We looked at “matter” and “correct minister” in that earlier posting.  Matter is the material—bread and wine for the Eucharist, water for baptism, etc. necessary for the sacrament.  The correct minister is the person having the authority to administer the sacrament—in some cases a bishop, in others a priest, in the case of baptism and matrimony, a lay person can be the minister of the sacrament.  In this post, we will look at “form” and “intention.”  The “form” are the words used, the formula for administering the sacrament.  The “form” of baptism is “I baptize you in the Name of the Father, and of the Son, and of the Holy Spirit.”   In Penance, or Reconciliation as it is sometimes known, it is “I absolve you in the Name of the Father, and of the Son, and of the Holy Spirit.” 

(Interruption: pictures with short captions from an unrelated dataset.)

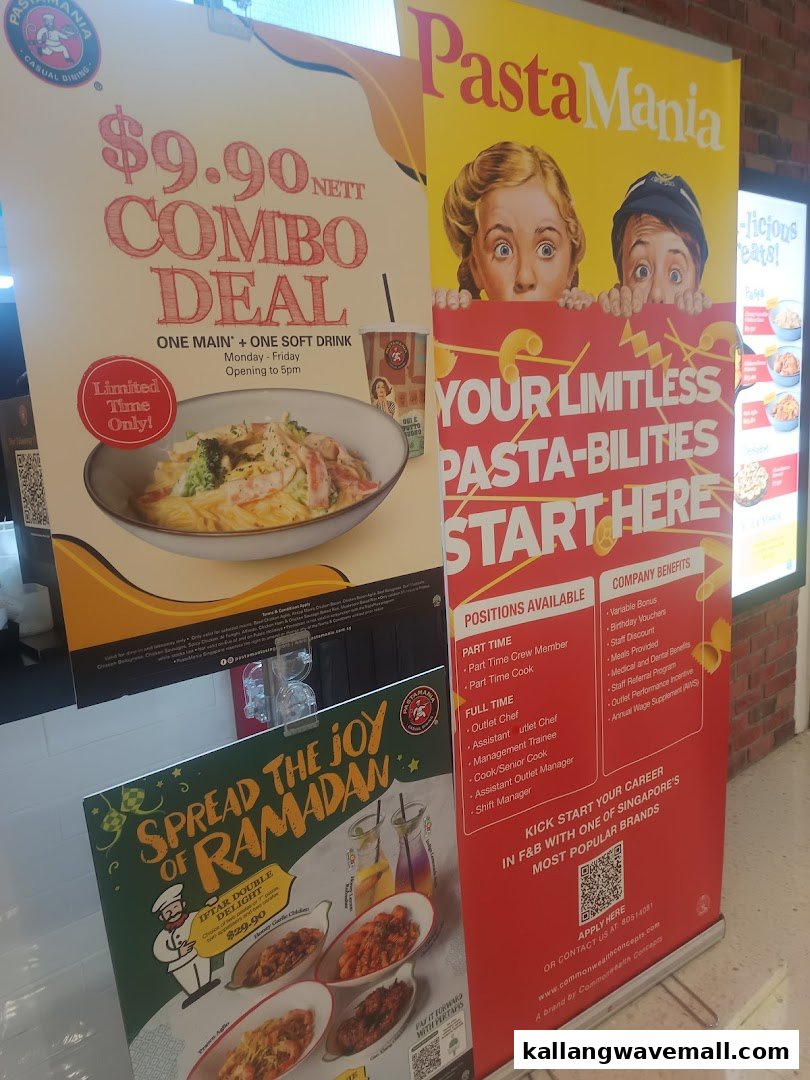 Promotional banners for PastaMania, featuring a combo deal, Ramadan offer, and career opportunities.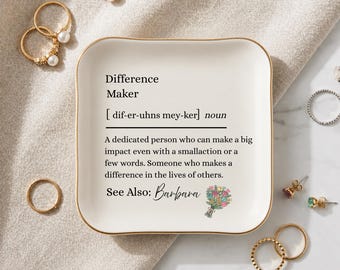 Personalized Difference Maker Trinket Dish, Custom Thank You Gifts, Thank You Keepsake, Difference Maker Ring Dish, Teacher Gift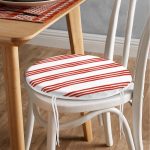 - RealHomes Yuvarlak Fermuarlı Minder - Realhomes  Kırmızı Çizgili Dijital Baskılı Yuvarlak Fermuarlı Sandalye Minderi Realhomes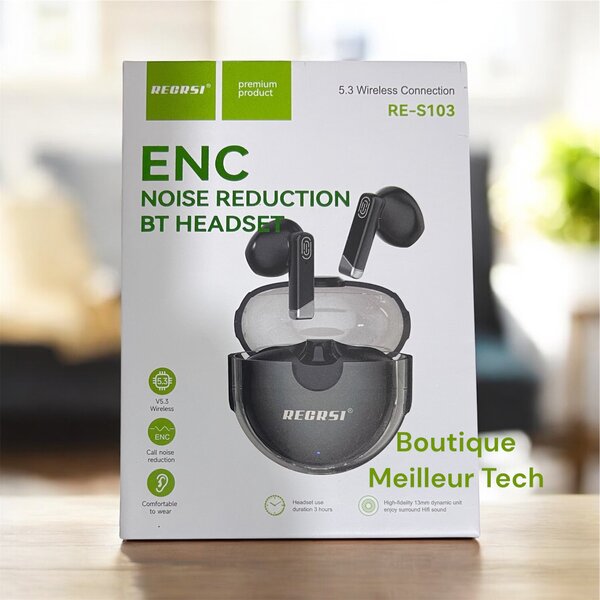 Recrsi Écouteurs Bluetooth RE-S103 ENC - Son Hi-fi Surrount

There can be much variety in form.  In the Eastern Rites, followed by Byzantine Catholics (among others) as well as Orthodox, sacramental formulae are usually in the passive voice: “The Servant of God, N., is baptized in the Name of the Father, and of the Son, and of the Holy Spirit.”  Ever since the days of Saint Thomas Aquinas, the form for the Eucharist has been: This is my Body; This is the Chalice of my Blood…”  But about twenty years ago a question came to the congregation of Rites regarding an ancient Eucharistic Liturgy, the Holy Qurbana of Addai and Mari used in the East Syrian Tradition since apostolic times, in which there are no such “words of Instiution.”  That is to say, the bishop or priest never says: “This is my Body; This is my Blood.”  Faced with an apostolic tradition to the contrary, the Catholic Church backed down about the necessity of having these words for a “valid” Mass.  Moreover, while the Western Church had claimed that the Words of Institution were essential to the Eucharist, the Eastern Church—Catholic and Orthodox, always claimed that the Epiclesis, the Prayer calling down the Holy Spirit, was the actual consecratory prayer.  The various approved Rites of the Church do not all follow the same formulae in administering the sacraments so we need to be clear that there is no one set of words required for a sacrament—any sacrament—to be valid.  There is legitimate variety in sacramental form. 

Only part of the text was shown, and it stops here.